1. Follow the great investors.
2. Look at the cannibals (share repurchasers).
3. Carefully study spin-offs.
The first and third rules are very straightforward, despite the somewhat difficult application in reality. In this article, I want to provide a precautionary note on rule No. 2 above because I have seen many non-professional investors fall in the trap of fake cannibals, which I will explain further below.
Charlie Munger (Trades, Portfolio)'s second rule is to pay close attention to cannibal companies, or businesses that are buying back huge amounts of their stock. Berkshire’s largest holdings almost all fit into this category. Take IBM (NYSE:IBM) as an example. It has repurchased more than $100 billion of its own stock in the past decade, reducing its shares outstanding by more than a third. Legg Mason’s Bill Miller once noted, “IBM is the only one of the mega-cap stocks that were popular in the late 1990s to go to an all-time high. The reason for that is, IBM has an absolutely unequal record in capital allocation."
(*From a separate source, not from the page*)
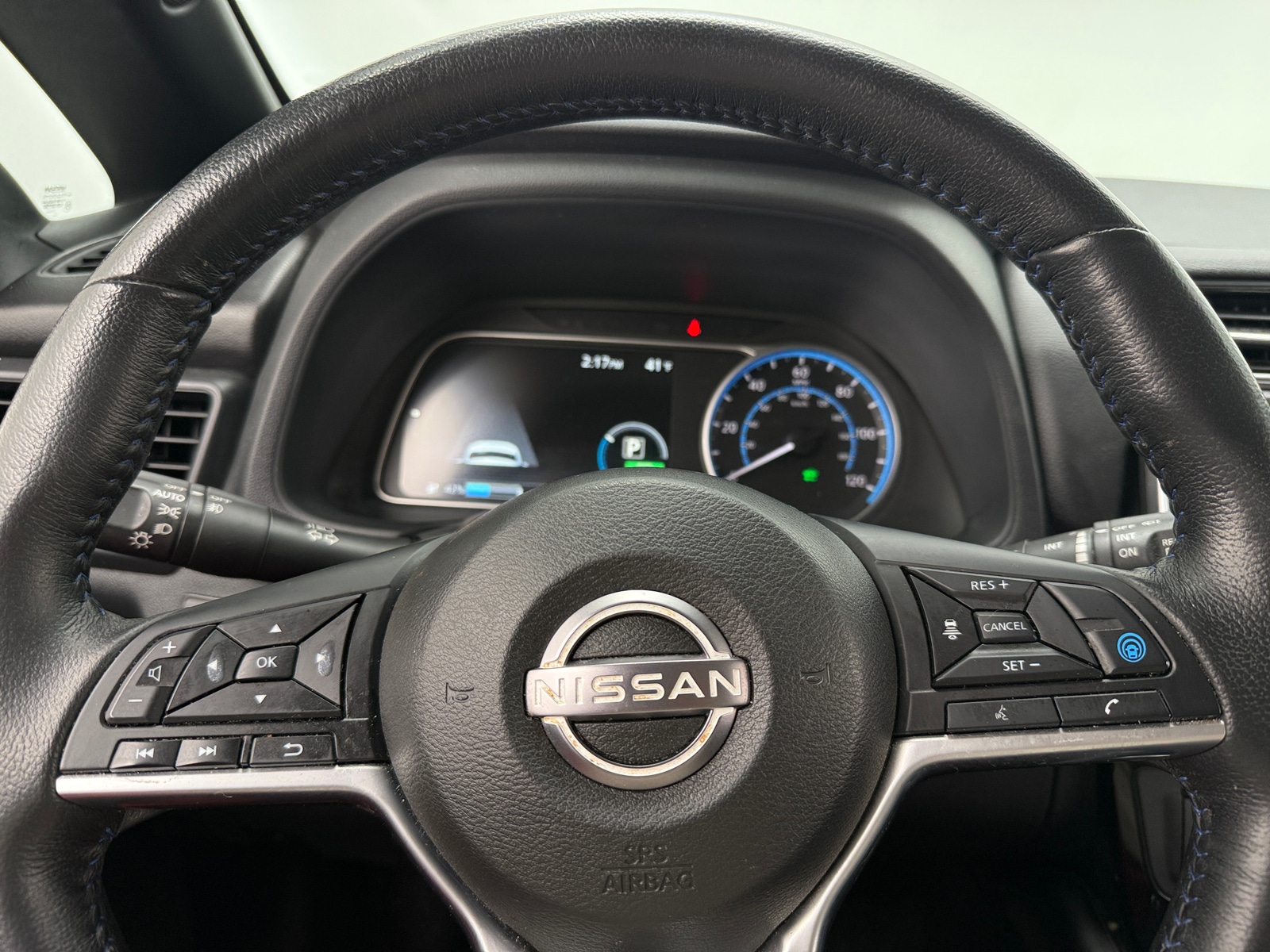 Thumbnail: 2023 Nissan Leaf - 4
A less familiar name, Strayer Education (NASDAQ:STRA), is another good example. Under the leadership of Robert Silberman, STRA’s share count has reduced 30% during the past 10 years from 15.1 million shares to 10.6 million shares. Now whether the share repurchases were made at the right price is another question, but repurchases of that magnitude itself demonstrate the cannibal-like characteristic of the business.
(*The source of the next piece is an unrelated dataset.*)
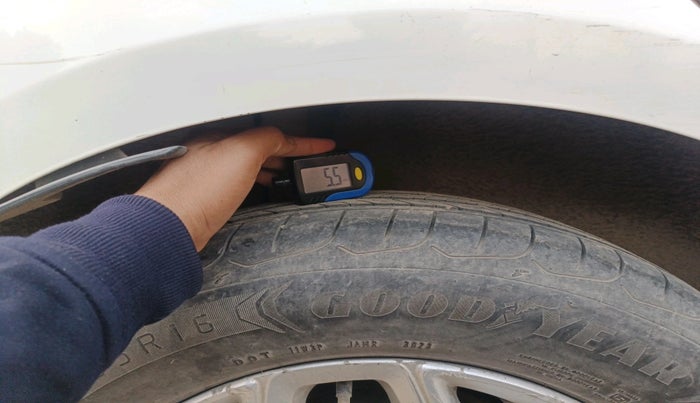 2016 Ford Ecosport TITANIUM 1.5L DIESEL, Diesel, Manual, 2,88,625 km, tyre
At the other end of the spectrum, there are tons of companies who actually increase share count through numerous rounds of equity financing or secondary offerings. Technology stocks are notorious for their propensity to dilute their shareholders. For instance, LinkedIn increased its share count by 30% in its short life as a public company. If you think that’s bad, take a look at Tesla’s share count since its IPO — it will blow you away.
Obviously I don’t like equity diluters, but at least they don’t try to hide that fact that they are diluting the previous generation of equity holders. Between the cannibals and the proliferators, there is a dangerous species in the stock market, which I call “fake cannibals.” These are the companies that publicly tout the fact that they’ve spent so much money on share repurchases but either they pay a very high price for their shares or they merely use the repurchase program to offset share dilutions. The former case (pay a high price) should be fairly familiar to most investors, but the latter deserves further discussion. Many investors who bought the cannibal story found themselves befuddled when they later discovered that the share count has hardly changed or even increased. This is because the shares repurchased are used to offset the dilution due to option exercise or vesting of restricted stocks.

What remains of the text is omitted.